Bilgistasyonu
Ruhsal Özgürlük
Ruhsal Özgürlük
Sanki elimizden zorla tutuluyormuşçasına karmaşa içindeki yerimizde öylece dikiliyoruz. Kimse yerini kaybetmek istemiyor,dik ve güçlü bir duruş içerisinde etrafımıza kendine güvenenen bakışlardan savuruyoruz. Ama aynı kimseler olarak , o yerden şikayet etmekten de çekinmiyoruz.Kimimiz şikayetini sadece kendi içinde sergileyebilirken kimimiz bu fırsatı alkol sofrasında yakalar yakalamaz hemen dışa vuruyoruz. Gazeteler her gün toplumdaki “özgür birey”ler hakkında büyük puntolarla başlıklar atarken, aynı kelimenin patentinde olan ama anlam olarak çok uzakta bir yerde duran bir terimi sıklıkla gözardı ediyoruz. Bireyin ruhsal özgürlüğü…
İrademiz ne kadar bize ait? Yaptığı her davranışın arkasında güçlü olma kompleksi olmadan durabilecek kaç tane gerçekten özgür birey var? Tercihlerimizin ne kadarı bize ait? Bize biçilen roller dışında tanıdığımız kaç tane rol var?Başka bir rolü sahnelemek neden bu kadar ürkütücü geliyor ki?
Hiç izlediğiniz bir oyunun ardından tiyatro sahnesine çıkıp, çoktan boşalmış olan salonun sandalyelerine karşı iki cümle sarf etmeye çalıştınız mı? Hayatımızın her günü aslında o sahne üzerinde birileri için oyun oynamakla geçerken bu sefer bir izleyici olarak boş sandalyelere karşı ağzımızdan çıkabilecek iki çift cümlenin aslında büyük ve akılalmaz bir yüzleşme olduğu hepimizin bildiği bir gerçekken, kaçımız gerçek hayatında böyle bir şeye cesaret edebilir?Pardon, biz zaten özgür ve “aklı başında” bireylerdik değil mi, neden böyle bir şeye ihtiyacımız olsun ki!

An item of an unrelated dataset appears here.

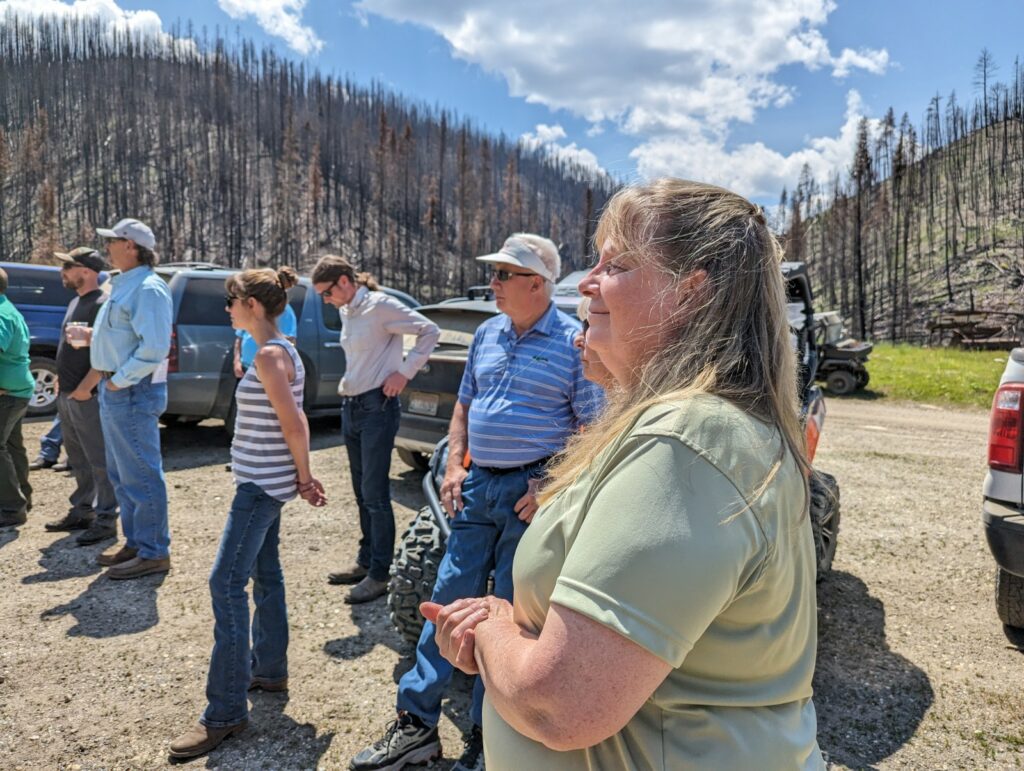 Robyn Smith stands near a group of people in Orogrande. 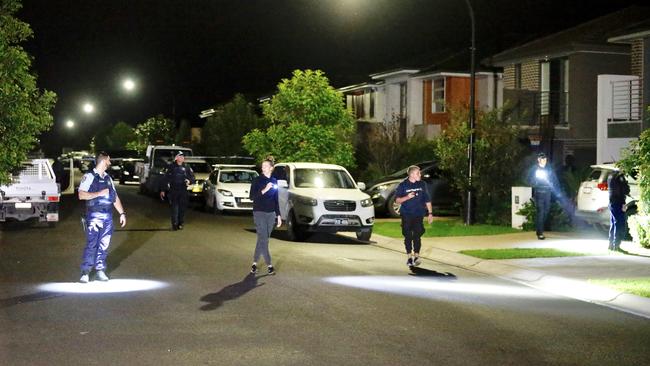Police at the scene of the stabbing. Two teens have been arrested. Picture: Steve Tyson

Başını ve sonunu bildiğimiz dünyalarımızda bir sonraki dakikaya dair merak uyandıracak bir unsur olmadığı sürece, heyecansız ve tutkusuz bir yaşamın Sisifos’un yaşamından pek bir farkı kalmıyor. Aynen hikayede olduğu gibi, sonunda o kaya zirveye kadar bir şekilde çıkarılacak ve zirveye varıldığında kayanın aşağı düşmesini engellemek de pek mümkün olmayacak. Bizim onu tekrar yukarı çıkarmak için ihtiyaç duyduğumuz enerji başka bir kaynaktan aktarılamadığı sürece, kaya da Sisifos da anlamlarını yitirmiş olmuyorlar mı? Yani sadece ve sadece kayayı yukarıda görebilme motivasyonunun -günümüzde yaşanan sıradan hayatlar bundan pek de farklı değil- bir sonraki anı yaşamak için yeterli şevk uyandırabileceğini düşünebilmek “düz mantık” olmuyor mu? Dünyaca özgür olarak isimlendirilen batı halklarının bireyleri her gün aynı kayayı yukarı çıkarıp indirirken muhtaç oldukları enerjinin sadece kağıt bir banknotta -ki o banknot zirveye dikilen bir bayraktan öte bir anlam ifade etmiyor- saklı olması trajedi degil de nedir? Küçük,devlet tarafından kısıtlanmış,adeta konserve kutusuna sıkıştırılmış oryantal yaşamlarda bile kimse o bireylerin ruhlarının daha az özgür olduğunu iddia edemez.
Peki, ruhun özgür olmadığı bir ortamda, bireyin hak ve hukukun egemen olduğu bir toplumda yaşamasını “özgür olma” eyleminin neresine koymalı? Önüne mi, arkasına mı yoksa yanına mı? Ya da o eylem, gazete makalelerinde sıklıkla yer almanın ötesinde aslen hiç var olamamış mıdır? Sahi ya herkes özgürlüğe bir taraftan tutunmuşken diğer yandan ıskalıyor.Ve ne tarafından tutarsak tutalım hep bir elimiz boşta kalıyor. Diğer elden de özgürlüğe tutunabilenler zaten kendilerini otomatikman paralel evrende buluyorlar.
Ve zamanda yolculuk tam o doruk noktasinda başlıyor herhalde!